Most subcontractors and independent contractors are sole proprietors or partners. Sole proprietors and partners are usually not covered by their workers' compensation policy when it is written; only the employees are covered, unless the contractor is considered to be a Construction Services Provider. The Independent contractor that is a sole proprietor or partner may elect to be covered by his/her own workers' compensation policy by filing an Election of Sole Proprietor or Partner to Come Within the Provisions of the Tennessee Workers’ Compensation Law (Form I-4) with the Insurer or in the case where the entity is self insured, should file the election with the entity. Sole Proprietors, Partners, and Members of LLCs involved in providing construction services are covered by their workers’ compensation policy (unless they are on the Secretary of State’s exemption registry) and do not need to file Form I-4. The Form I-4 can be withdrawn by filing a Notice of Withdrawal of Sole Proprietor or Partner Election (Form I-5).

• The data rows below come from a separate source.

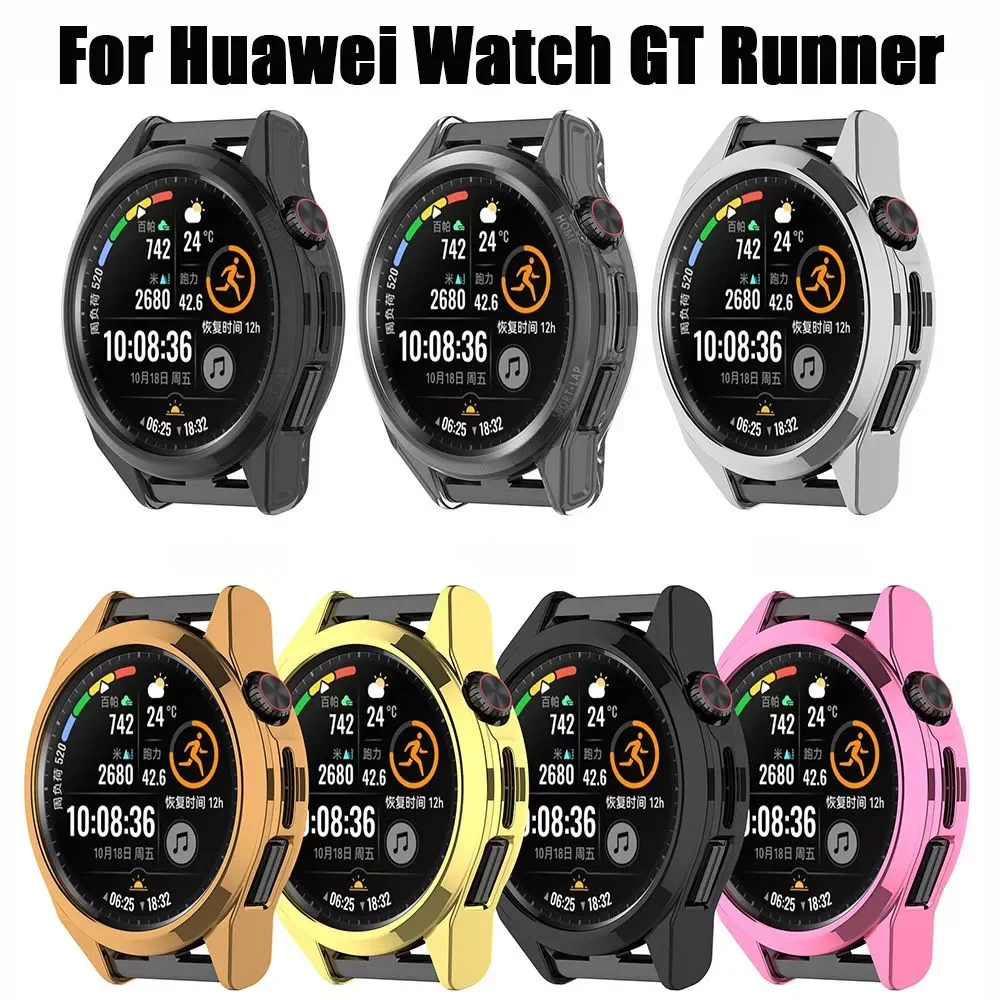 1Pc Soft Protect Cover For Huawei Watch GT Runner Smartwatch Bumper Screen Protector Case Shockproof Shell Frame Accessories
1Pc Soft Protect Cover For Huawei Watch GT Runner Smartwatch Bumper Screen Protector Case Shockproof Shell Frame Accessories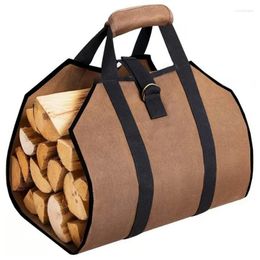 Storage Bags Practical Supersized Canvas Firewood Wood Carrier Bag Log Camping Outdoor Holder Carry Wooden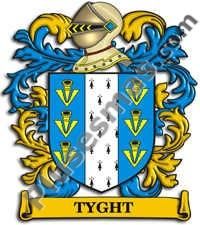 Escudo del apellido Tyght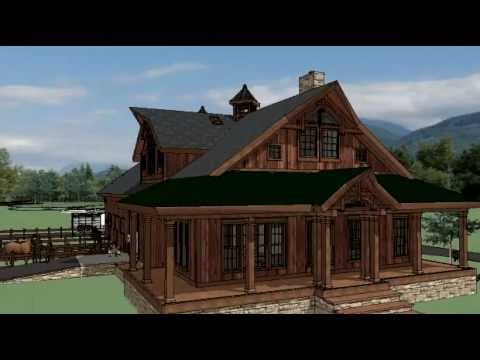 Horse Barn w/ Living Quarters in Washington State - YouTube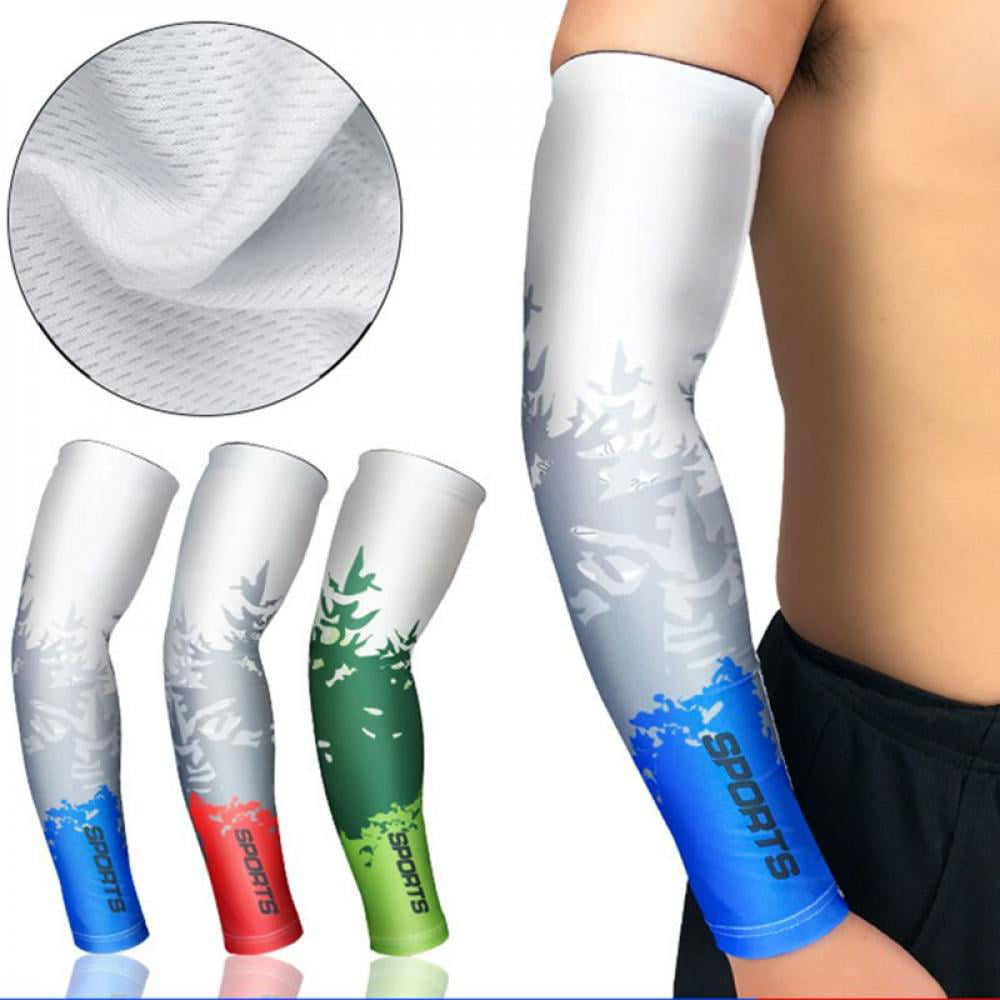 1 pair Sports Arm Sleeves Camping Hiking Sunscreen Basketball Armband US SIZE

A subcontractor must provide coverage for his employees. Subcontractors, with the agreement of the general contractor, can elect to be covered by the general contractor's workers' compensation insurance by filing an Agreement of General Contractor to Provide Workers’ Compensation Coverage to Subcontractor (Form I-15) or a subcontractor can have his own workers' compensation coverage and furnish proof of this coverage to the general contractor. The subcontractor, acting as a self-employed individual, is not an employee of the general contractor and has no coverage as long as he/she is not working as an employee. The Form I-15 allows the general contractor to withhold premiums from the subcontractor's payroll to cover the subcontractor and its employees. Failure of the general contractor to file the form with the Department of Labor and Workforce Development does not relieve the obligation of the insurance company to provide coverage to a subcontractor when the subcontractor can produce evidence of payment of premiums to the insurance company. There is no form that will waive the rights of employees of subcontractors.